[Captioned web images]
____________

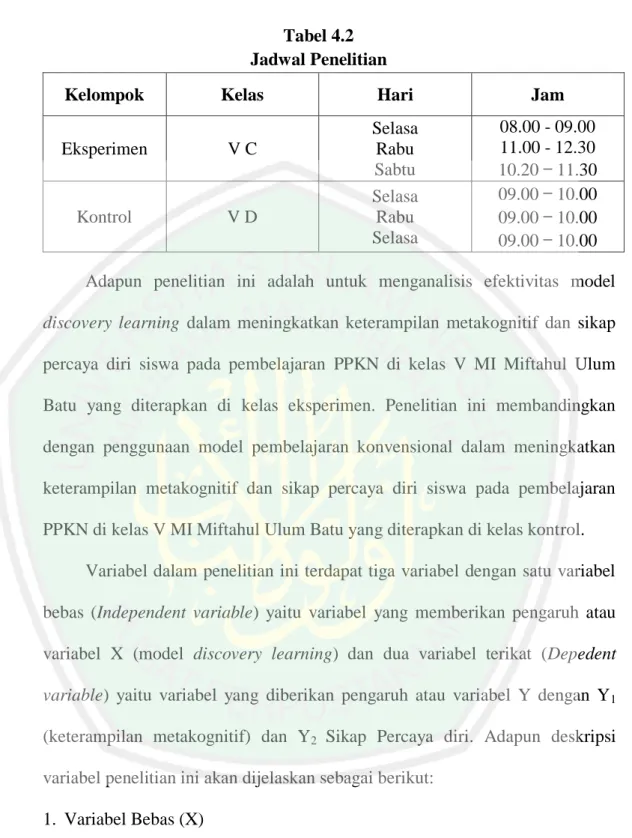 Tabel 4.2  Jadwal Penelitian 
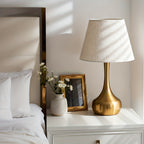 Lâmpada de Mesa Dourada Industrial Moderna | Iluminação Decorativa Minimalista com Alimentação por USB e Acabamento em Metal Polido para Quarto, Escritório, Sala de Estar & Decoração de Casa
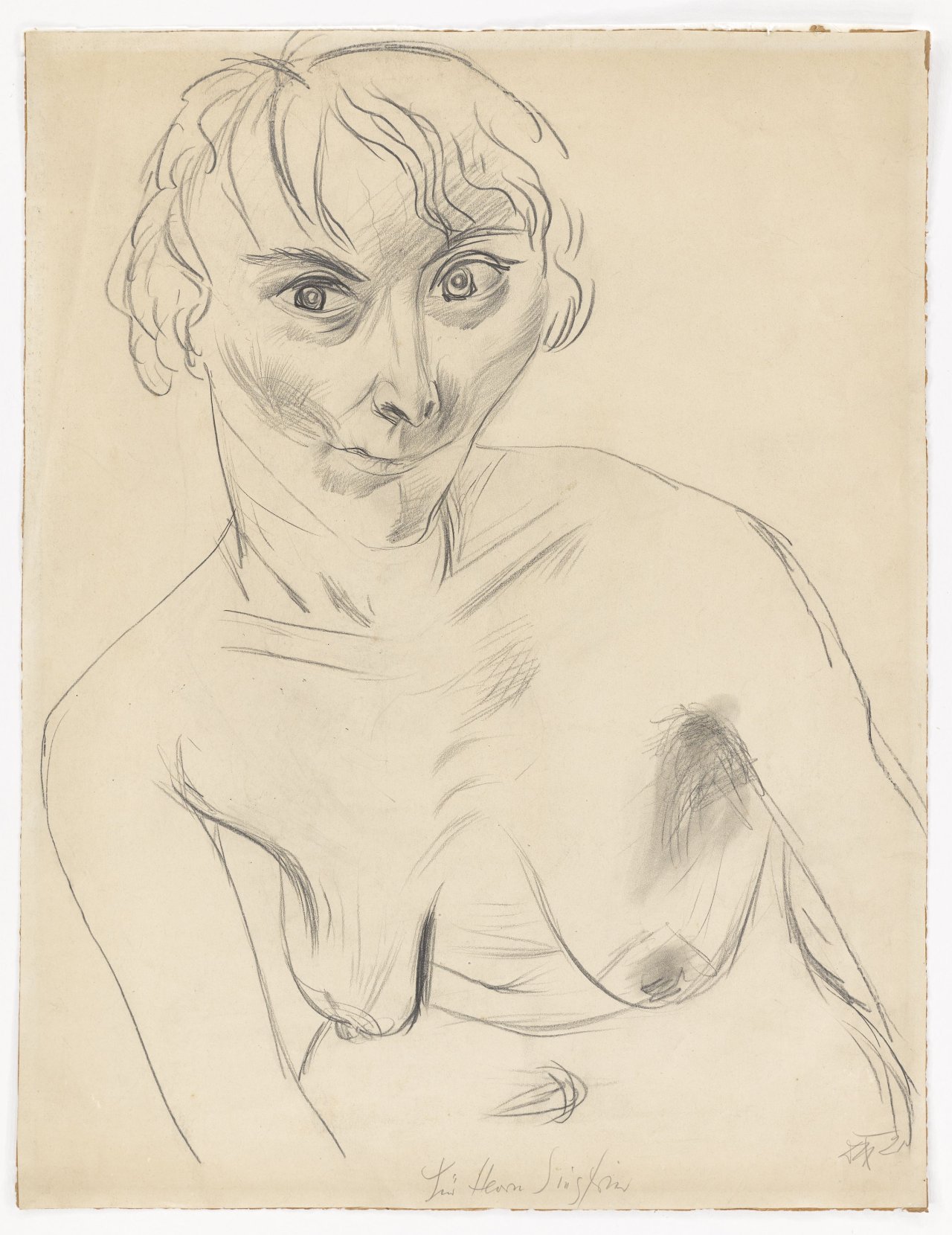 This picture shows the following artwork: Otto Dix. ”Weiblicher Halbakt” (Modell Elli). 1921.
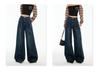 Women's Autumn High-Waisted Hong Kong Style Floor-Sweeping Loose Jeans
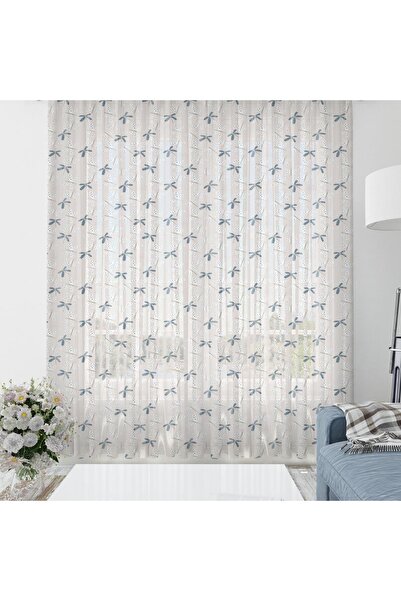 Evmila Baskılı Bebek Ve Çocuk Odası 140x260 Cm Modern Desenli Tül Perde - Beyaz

____________

Starting at the line with "Women's Autumn High-Waisted", write out every line exactly through the final line of the records above, both included, and skip the pictures.

**ANSWER SECTION**
 Women's Autumn High-Waisted Hong Kong Style Floor-Sweeping Loose Jeans
 Evmila Baskılı Bebek Ve Çocuk Odası 140x260 Cm Modern Desenli Tül Perde - Beyaz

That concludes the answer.